NHS staff in England were expecting a 2.1% pay increase in April, rather than the 1% proposed by the government.
Speaking to MPs on the health and social care committee on Tuesday, NHS England chief executive Sir Simon Stevens said that more than a million staff on the NHS ‘Agenda for Change’ contract should have been offered a more generous pay rise, as stated in the five-year funding deal former prime minister Theresa May agreed in 2018.
Pay in a pandemic
Last week, ministers suggested that a 1% pay increase for NHS workers was all the government could afford. The 1% offer applies to all staff apart from GPs, junior doctors and dentists.
“Coming out of the past year, and everything that NHS staff have been through, proper recognition for that is entirely right and I think goes with the grain of what the public would want to see,” said Stevens.
According to a survey for campaign group 38 Degrees, 53% of the public think NHS nurses should get at least a 5% pay rise and 83% think the 1% is too little for NHS staff overall.
Stevens acknowledged that the situation had changed since the NHS long-term plan was released, but said: “In a publicly funded, democratically accountable health service, the government of the day gets to decide what NHS pay should be, but you would expect me as the head of the health service to obviously want to see properly rewarded NHS staff, particularly given everything that the service has been through, and they’ve been through, over the course of the last year.”
Stevens suggested that the “right way” to resolve the issue was to let the independent pay review body look at the evidence from all sides and “make a fair recommendation so that NHS staff get the reward that they deserve”.
“The purpose of having an independent review body is so that it will consider the different evidence that is put forward by different groups through that process, and then can make a recommendation,” he said.
“Ultimately, of course government gets to decide whether to accept those recommendations, but we are in the process where the review body needs to be able to do its work without fear or favour, and then put forward that recommendation and its justification for so doing.”
However, justice secretary Robert Buckland said that the pay review process had only just begun and that there was still time for the government to change its mind about how much to award NHS staff for the 2021/22 pay round.
Coming out of the past year, and everything that NHS staff have been through, proper recognition for that is entirely right and I think goes with the grain of what the public would want to see” – Sir Simon Stevens, NHS England
He told BBC Breakfast: “We have got to remember that in large other swathes of the public sector there will be a pay freeze save for the lowest paid. I don’t think at the moment we are at the end of this process.

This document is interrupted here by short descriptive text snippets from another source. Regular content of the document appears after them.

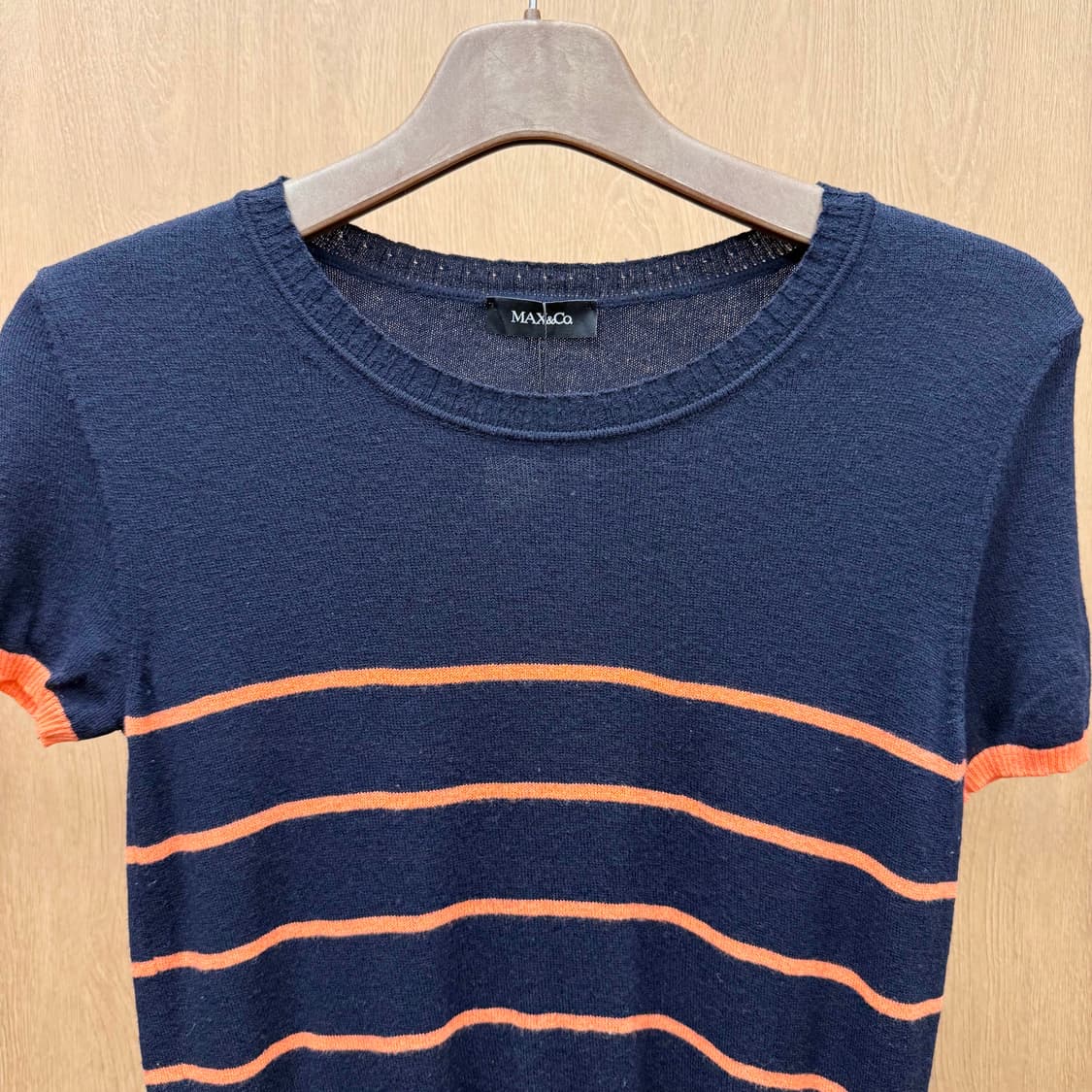 막스앤코 반팔 니트 스트라이프 디테일 슬림핏 네이비 오렌지 배색 상품이미지4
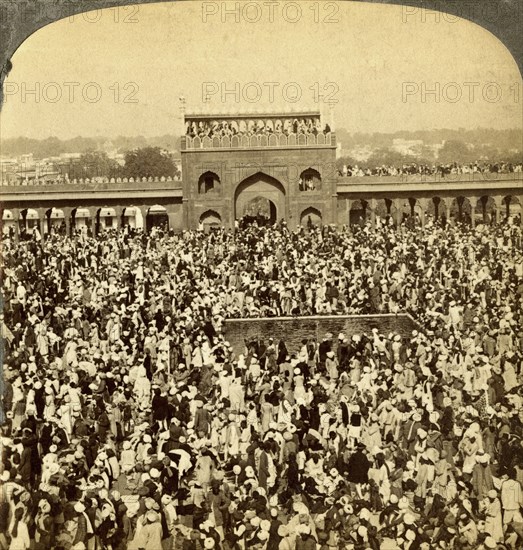 'In the Court of the Jumma Mosque during the Annual Fast', Delhi, India.Artist: Underwood & Underwood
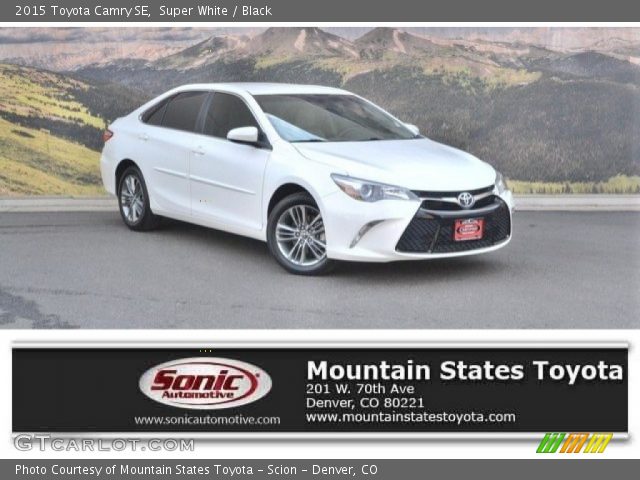 2015 Toyota Camry SE in Super White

“I think that we need to see what the recommendations are, and I very much hope … that the work that has been done by NHS workers will be recognised in a way that is appropriate.”
Responding to Stevens’ comments, Dame Donna Kinnair, chief executive of the Royal College of Nursing, said: “The government should be listening to this growing chorus of voices telling them to reconsider the insulting 1 per cent offer.
“Sir Simon Stevens is right to say that NHS staff should be paid fairly. Nursing staff have put themselves on the line for the last year and will leave careers they love if they continue to be taken for granted.
“More nurses means better care. The public know this and it is time ministers acted to keep them.”
Last week, four major health unions – the British Medical Association, the Royal College of Nursing, the Royal College of Midwives and Unison – wrote an open letter to the chancellor, expressing their dismay at the 1% pay offer.
It said: “The proposal of a 1% pay offer, not announced from the despatch box but smuggled out quietly in the days afterwards, fails the test of both honesty and fails to provide staff who have been on the very frontline of the pandemic the fair pay deal they need.
“Our members are the doctors, nurses, midwives, porters, healthcare assistants and more, already exhausted and distressed, who are also expected to go on caring for the millions of patients on waiting lists, coping with a huge backlog of treatment as well as caring for those with Covid-19.”